The use of Laplace transforms in solving IVPs helps to convert differential equations into an algebraic form, often making them easier to handle. Once the equation is solved in the Laplace domain, we can convert it back into the time domain to find the specific solution that fits the given initial condition.

The unit step function, often denoted as \( u(t-a) \), is an essential mathematical tool for expressing piecewise functions in terms of a single formula. It "steps" from 0 to 1 at the point \( t = a \). This function is particularly useful when dealing with time-dependent changes, such as switching on at a certain moment, which is critical in the original problem's formulation.
In the given exercise, the piecewise function \( f(t) \) is expressed using a unit step function as \( f(t) = 5u(t-1) \). This notation simplifies the representation of \( f(t) \), indicating that the function is zero for \( t < 1 \) and becomes a constant 5 when \( t \geq 1 \).

• Before \( t = 1 \), \( f(t) = 0 \).
• At \( t = 1 \) and onwards, \( f(t) = 5 \).

This calculation allows us to apply Laplace transforms efficiently, as the unit step function has a straightforward Laplace transform which we leverage in further steps of solving the problem.

The inverse Laplace transform is the process by which we convert an algebraic expression in the frequency domain back into a function in the time domain. After solving the differential equation using Laplace transforms, the solution is typically presented as a function of \( s \), denoted as \( Y(s) \). To find \( y(t) \), we apply the inverse transform, translating the solution back to the original variable, \( t \).
In the context of the solution, after finding \( Y(s) \), we need to employ the inverse Laplace transform to arrive at \( y(t) \). This is where our understanding of standard transform pairs becomes crucial. For instance, knowing that \( L^{-1}(\frac{1}{s}e^{-as}) = u(t-a) \) helps us find that \( L^{-1}(\frac{1}{s+1}e^{-as}) \) corresponds to \( e^{-(t-a)}u(t-a) \), allowing us to solve specific time-delay components.
The resulting expression \( y(t) = 5(1-e^{-(t-1)})u(t-1) \) effectively applies these inverse transformations, giving the final solution in terms of \( t \).

Partial fraction decomposition is a technique used to break down complex rational expressions into simpler fractions that are easier to work with, especially when taking Laplace transforms or their inverses.

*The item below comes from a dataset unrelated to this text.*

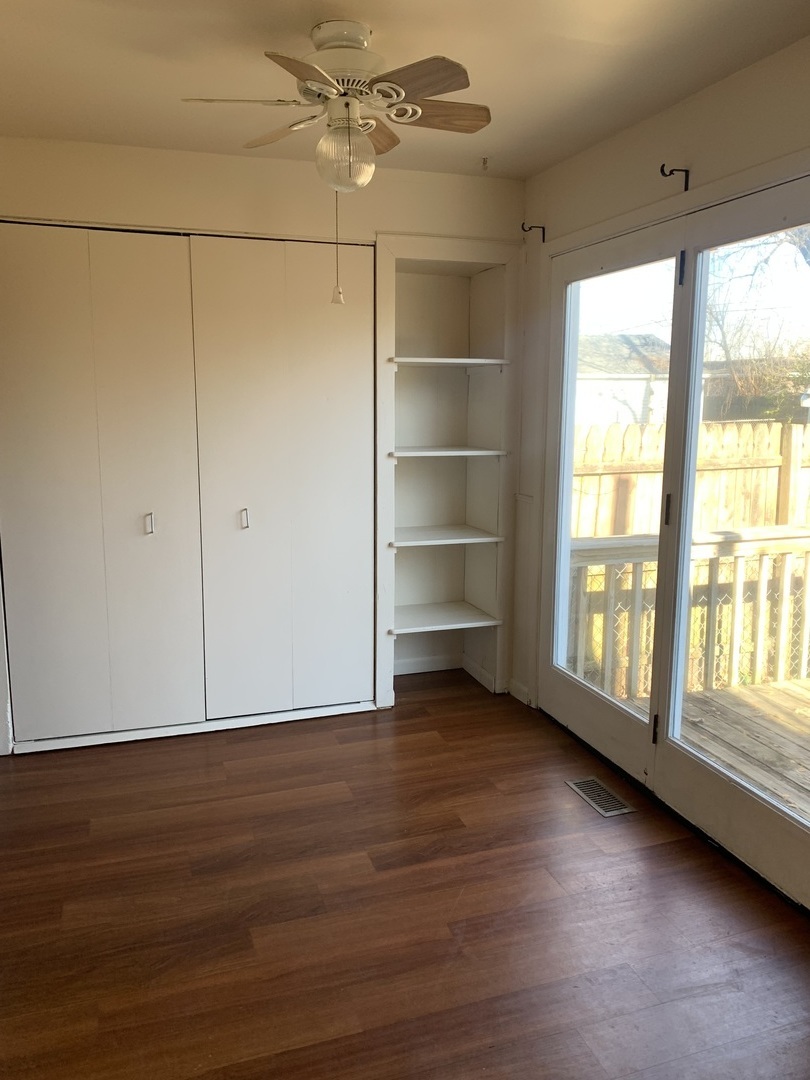 3637 Morgan Street Steger, IL 60475 - Photo 3 of 9 a view of an empty room with a window and wooden floor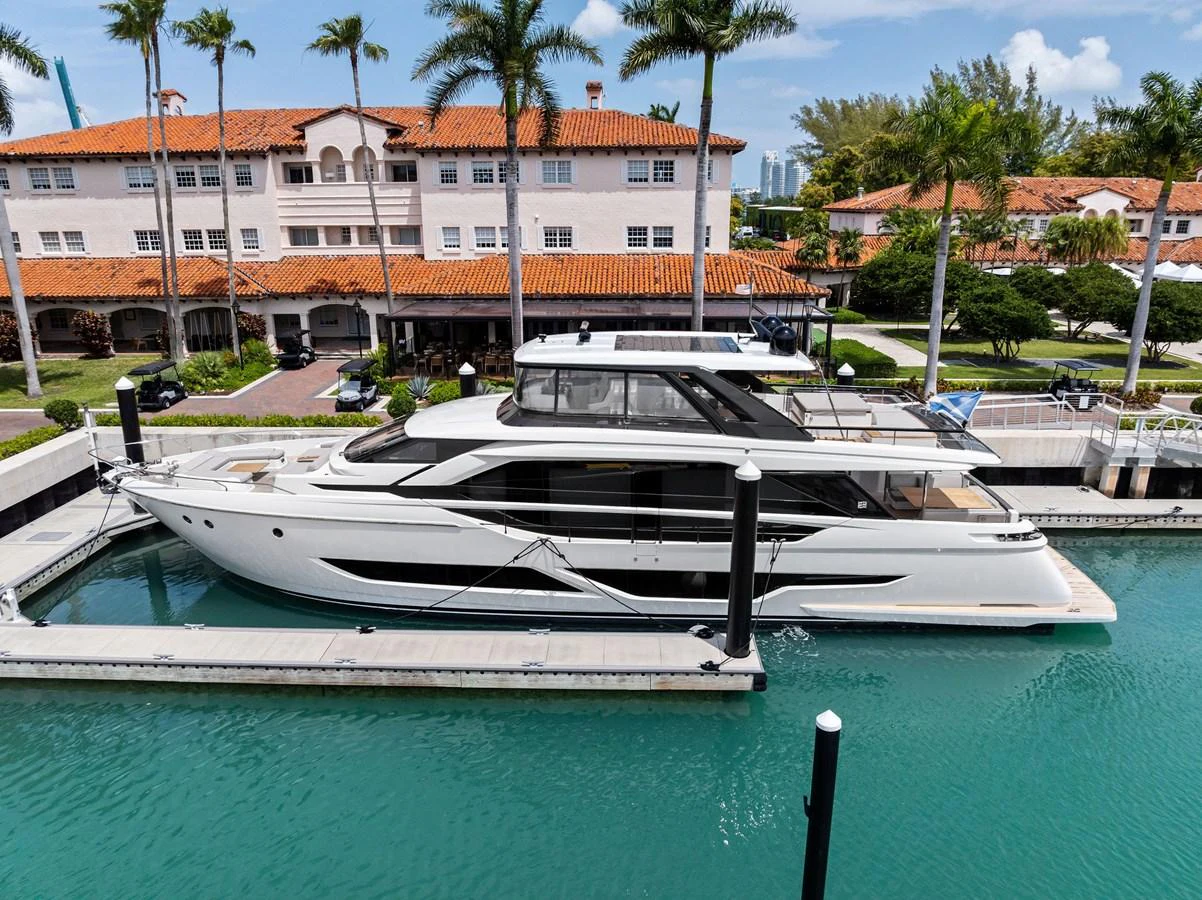 A sleek and modern yacht is docked in a picturesque marina with palm trees and Mediterranean-style buildings in the background. aboard LADY F Yacht for Sale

It is a crucial step in finding the inverse Laplace transform of functions that result from solving differential equations.
For the exercise, after finding \( Y(s) = \frac{5e^{-s}}{s(s+1)} \), we decompose \( \frac{5}{s(s+1)} \) into simpler fractions: \( \frac{A}{s} + \frac{B}{s+1} \). This step involves determining the coefficients \( A \) and \( B \) by solving the equation \( \frac{5}{s(s+1)} = \frac{A}{s} + \frac{B}{s+1} \). Upon solving, we find \( A = 5 \) and \( B = -5 \), resulting in:\[Y(s) = 5\left(\frac{1}{s} - \frac{1}{s+1}\right)e^{-s}\]
This decomposition simplifies the inversion process, as it allows us to use well-known inverse Laplace transforms for each separate term, which are key to constructing the time-domain solution.